1. Review Your CPF Balances
Log in to your CPF Retirement Dashboard to check your Special Account balance, how much will go to RA, and whether there will be a transfer to OA.
2. Consider Topping Up Your RA
If you can afford it, topping up to the new ERS limit can maximize your CPF LIFE monthly payouts.
3. Reassess Your Investment Strategy
With SA shielding no longer viable, you may want to explore alternatives like:
- CPF Investment Scheme (CPFIS)
- Voluntary OA/RA top-ups
- Private retirement plans
4. Speak With a Financial Advisor
Navigating CPF changes can be complex. A qualified financial planner can help you align your CPF savings with your retirement goals.
FAQs on Major CPF Shake-Up
Q1. Why is the Special Account (SA) being closed?
The CPF Board aims to simplify the CPF system and align interest rates with each account’s purpose.
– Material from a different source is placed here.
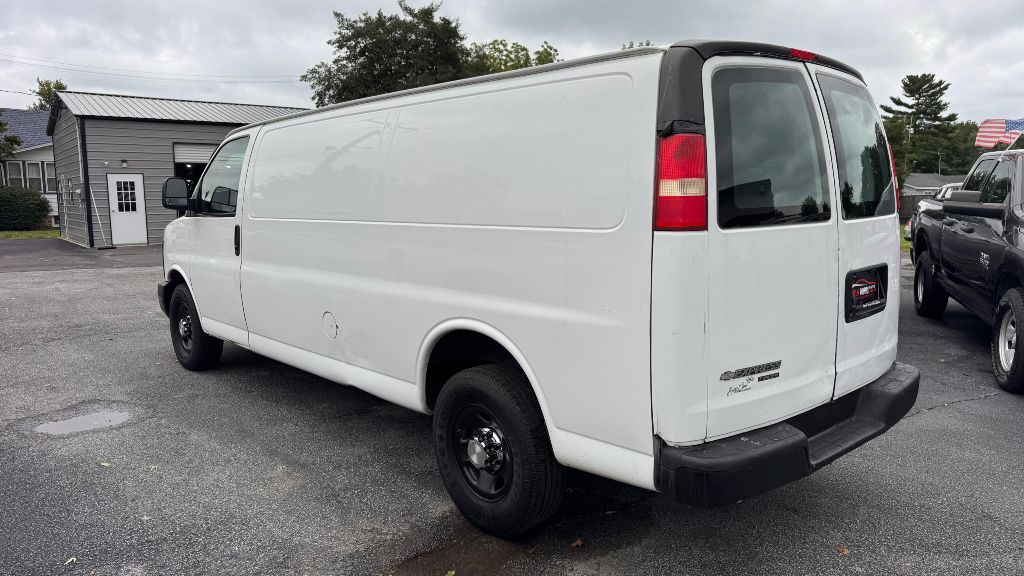 Additional photo of vehicle.
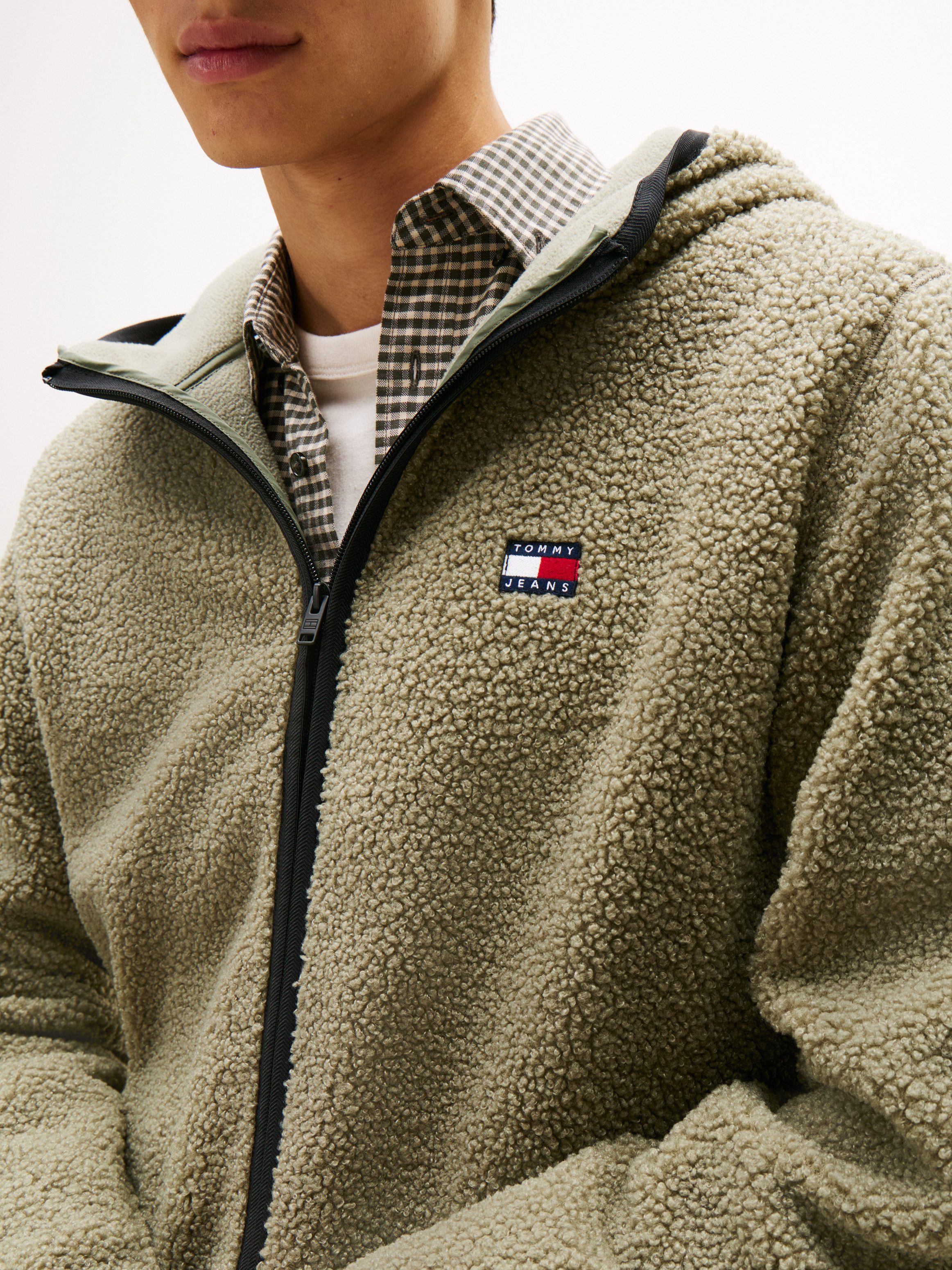 TOMMY JEANS Pluchen jack TJM REG BADGE TEDDY ZIP TRU EXT met logopatch, licht afgezakte schouders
SA is no longer needed after age 55 since the Retirement Account (RA) takes over.
Q2. What happens to the interest rate when my funds move from SA to OA?
Funds moved to OA will earn 2.5% p.a., lower than the 4% in SA. To maintain higher returns, aim to transfer more to your RA instead.
Q3. Can I still use the SA shielding strategy?
No. After the SA is closed in 2025, there will be no opportunity for SA shielding for those turning 55 and above.
Q4. Will these changes affect CPF LIFE payouts?
Yes. If you top up to the higher ERS, you could receive up to S$3,300 monthly from age 65 onwards, depending on your gender and age at payout start.
Q5. Are these changes permanent?
As of now, these are confirmed changes for 2025. Any further reforms will be announced by the CPF Board in future policy reviews.